Deploying PyTorch Models in C++

Running Machine Learning models on embedded systems (Part I)

7 min readAug 19, 2024

Python dominates the Machine Learning ecosystem, and we all benefit for it. (Computationally) expensive optimisation & combinatoric algorithms are written in C++, and wrapped in a user-friendly Python frontend (PyTorch, Scikit etc).

Most ML workflows are 99% Python & SQL, but what if you’re working with embedded systems, robotics or in an ultra-low latency (on-device) system? You may want to perform inference calls directly from an existing C++ application.

Using TorchScript, it’s possible to remove the need for the Python interpreter when loading a PyTorch model in C++

This tutorial demonstrates how to train a Neural Network in Python and deploy the model in C++

Overview

Train (or download) a PyTorch model.
Checkpoint & save the model.
Convert the model to TorchScript (a serialisation independent of the Python interpreter).
Install and link LibTorch to your C++ application.
Perform inference.

Code

The code & tutorial is available here. Clone the repo and follow the steps highlighted in the Readme to follow along. For reference when debugging, I’m running MacOS on Apple silicon M1.

GitHub - ZachWolpe/cpp-torch-deployment: How to deploy Torch models in C++.

How to deploy Torch models in C++. Contribute to ZachWolpe/cpp-torch-deployment development by creating an account on…

github.com

1. Train & save a PyTorch model

Configure the Neural Network

We’ll train a multiclass-classifier PyTorch Neural Network to predict an item in the Fashion MNIST dataset. There is a script called exe_1_download_data.py to automatically download the data for you in the repo.

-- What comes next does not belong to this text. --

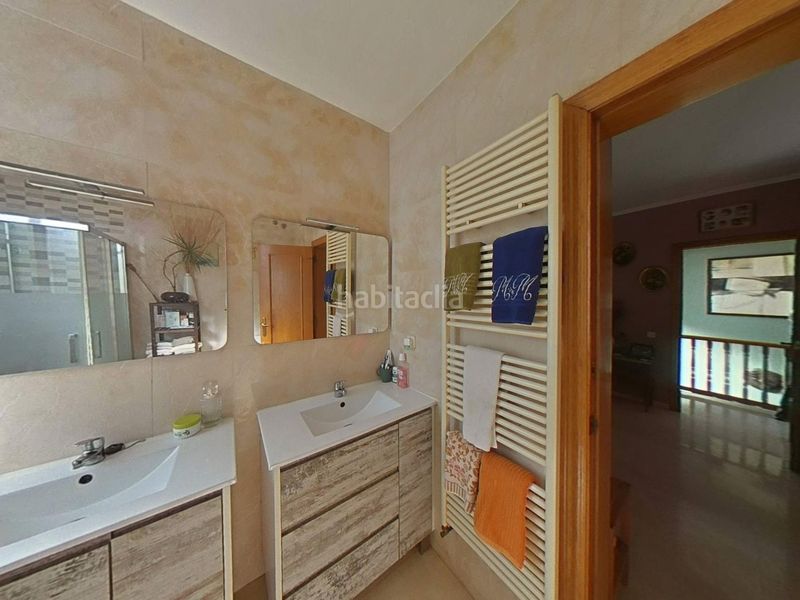Foto 5a9fe8a4-0026-4b15-bd65-416faf91e532. Chalet avec parking dans Santa Maria Vilanova i la Geltrú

Our neural net is a simple feed-forward network that uses a Relu activation later between several linear layers.

class NeuralNetwork(nn.Module):
    def __init__(self):
        super().__init__()
        self.flatten = nn.Flatten()
        self.linear_relu_stack = nn.Sequential(
            nn.Linear(28 * 28, 512),
            nn.ReLU(),
            nn.Linear(512, 512),
            nn.ReLU(),
            nn.Linear(512, 10),
        )

    def forward(self, x):
        x = self.flatten(x)
        logits = self.linear_relu_stack(x)
        return logits

Define a train function to execute the training loop, using autograd to perform backpropagation.

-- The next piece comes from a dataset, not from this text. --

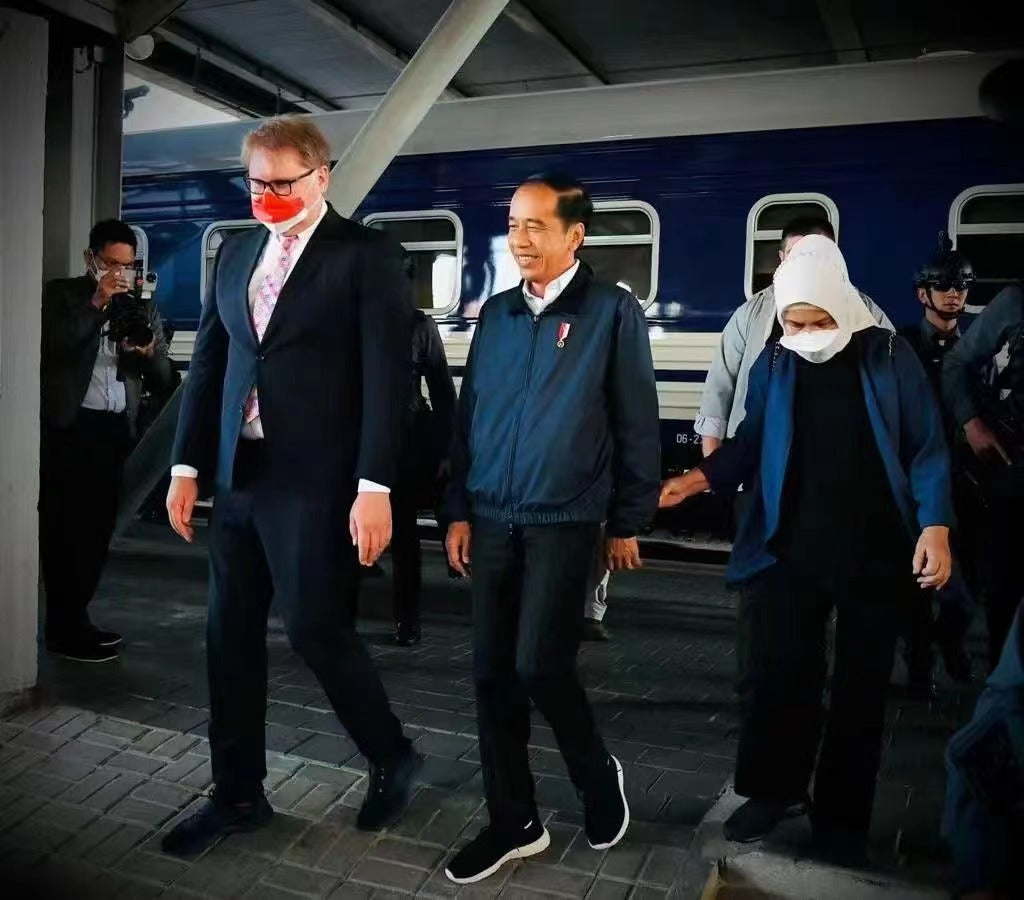 So happy that the Prime Minister of Indonesia chose our stab proof jacket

def train(train_dataloader, device, model, loss_fn, metrics_fn, optimizer, epoch, checkpoint_dir):
    model.train()
    for batch, (X, y) in enumerate(train_dataloader):
        X, y = X.to(device), y.to(device)

        # Compute prediction error
        pred = model(X)
        loss = loss_fn(pred, y)
        accuracy = metrics_fn(pred, y)

        # Backpropagation
        loss.backward()
        optimizer.step()
        optimizer.zero_grad()

        if batch % 100 == 0:
            loss, current = loss.item(), batch
            mlflow.log_metric("loss", loss, step=(epoch * len(train_dataloader) + batch))
            mlflow.log_metric("accuracy", accuracy.item(), step=(epoch * len(train_dataloader) + batch))
            print(
                f"loss: {loss:3f} accuracy: {accuracy:3f} [{current} / {len(train_dataloader)}]"
            )

        # Save checkpoint every 500 batches
        if batch % 500 == 0:
            checkpoint = {
                'epoch': epoch,
                'batch': batch,
                'model_state_dict': model.state_dict(),
                'optimizer_state_dict': optimizer.state_dict(),
                'loss': loss,
            }
            checkpoint_path = os.path.join(checkpoint_dir, f'checkpoint_epoch_{epoch}_batch_{batch}.pth')
            torch.save(checkpoint, checkpoint_path)
            mlflow.log_artifact(checkpoint_path)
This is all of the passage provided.